EDLE SCHWERTER UND SÜSSES MARZIPAN

Mehr als zweitausend Jahre lang haben die Schmiede der Stadt Schwerter und Klingen hergestellt und der Name Toledo steht heute für hochwertigen Stahl. Die entlang dem Río Tajo geschmiedeten Schwerter wurden sowohl von Hannibals Männern als auch von den römischen Legionen verwendet. Jahrhunderte später brachten die Araber die Kunst der Damaszener Schmiede mit und damaszierten die Schwerter und Rüstungen aus Toledo. Hier links im Bild sieht man ein Replikat eines solchen damaszierten Toledaner Schwertes. (Siehe den Artikel „Mit Gold verzierter Stahl“ im Erwachet! vom 22. Januar 2005.) Heutzutage wird in den meisten Souvenirläden der Stadt ein großes Sortiment an Schwertern zusammen mit der obligatorischen Ritterrüstung feilgeboten. Diese finden wohl hauptsächlich einen Platz bei Liebhabern und Sammlern und sind sonst höchstens noch in Filmen zu sehen, aber keinesfalls auf dem Schlachtfeld.

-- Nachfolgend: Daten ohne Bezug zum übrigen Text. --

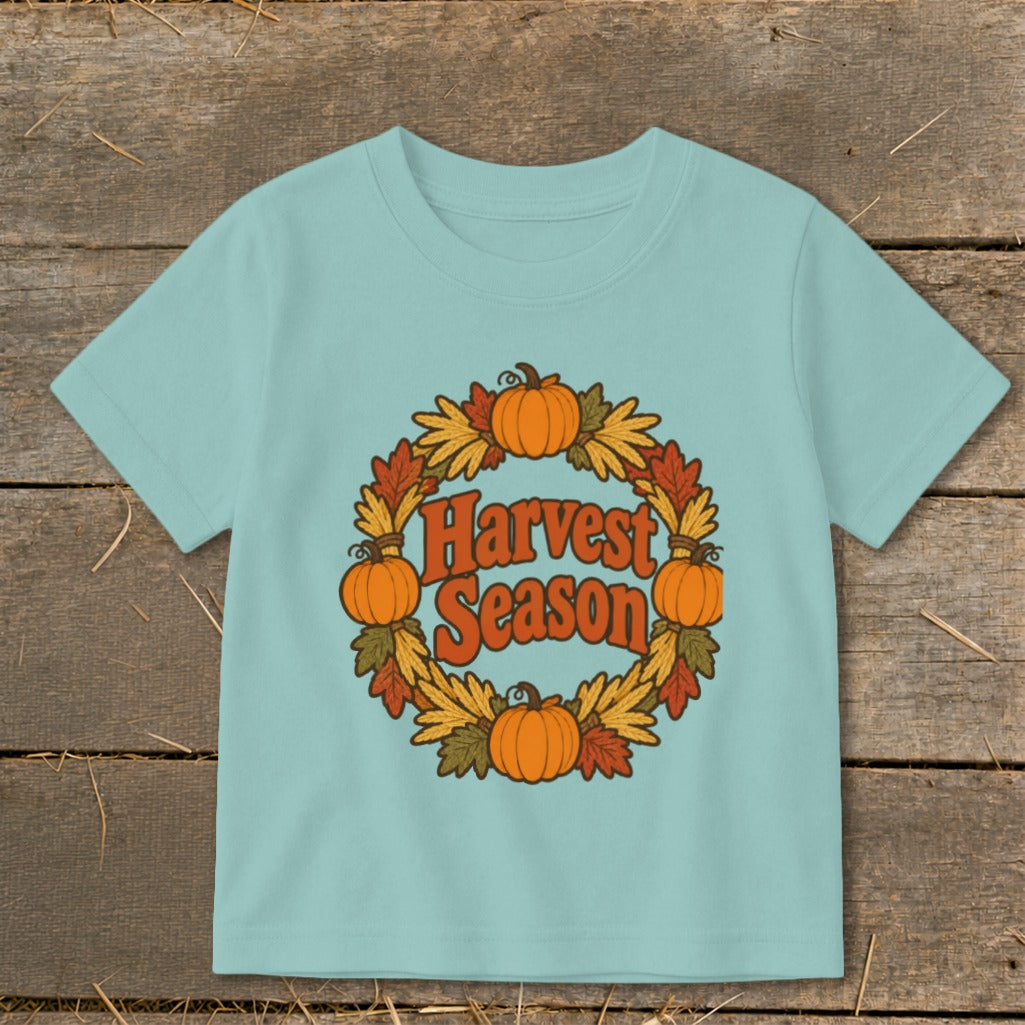 Light blue t-shirt with a wreath graphic and the text "Harvest Season".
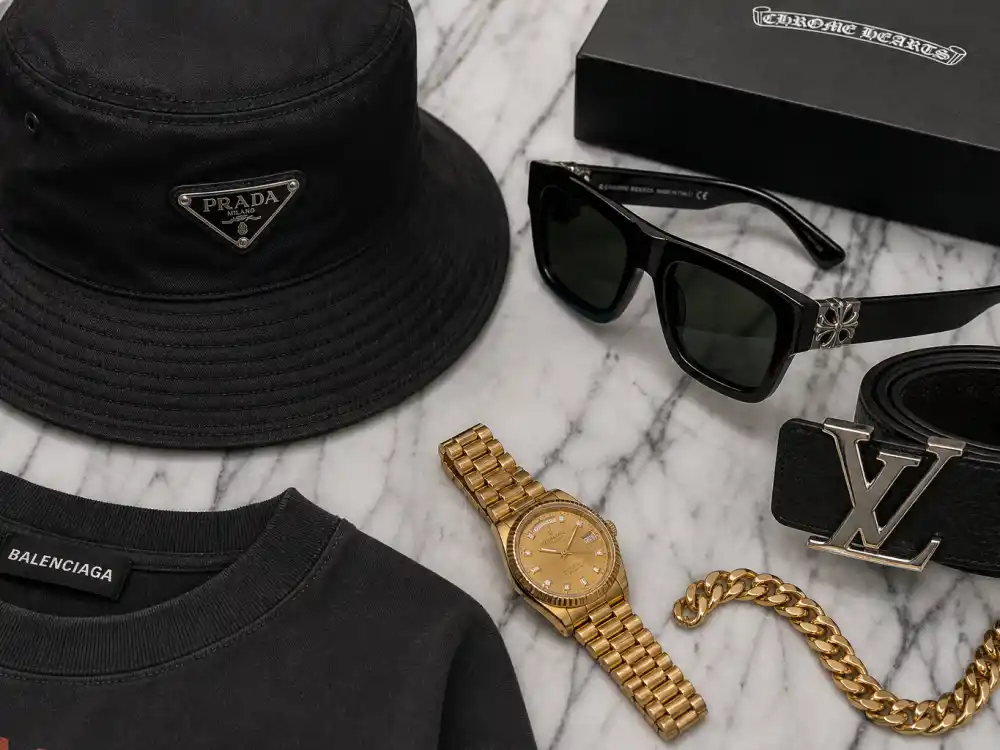 Bucket hat sunglasses and gold watch accessories completing how to dress like A$AP Rocky streetwear style finishing layer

Seit der Maurenherrschaft wird in Toledo auch traditionell Marzipan hergestellt. Zwar gab es in Spanien schon zuvor große Felder mit Mandelbäumen, doch gab es noch keinen Zucker — ein weiterer wichtiger Bestandteil des Marzipans. Innerhalb von fünfzig Jahren nach Beginn der Maurenherrschaft schossen in Südspanien überall Zuckerrohrfelder aus dem Boden. Um das 11. Jahrhundert herum war Marzipan bereits eine Spezialität Toledos und seither erfreut es jeden Kenner. In Toledo findet man viele Spezialgeschäfte für Marzipan, das oft in Form kleiner Figuren erhältlich ist. Ohne eine Kostprobe dieser Gaumenfreuden wäre ein Besuch in Toledo nicht vollständig.

[Bildnachweis]

Agustín Sancho

[Karte auf Seite 16]

(Genaue Textanordnung in der gedruckten Ausgabe)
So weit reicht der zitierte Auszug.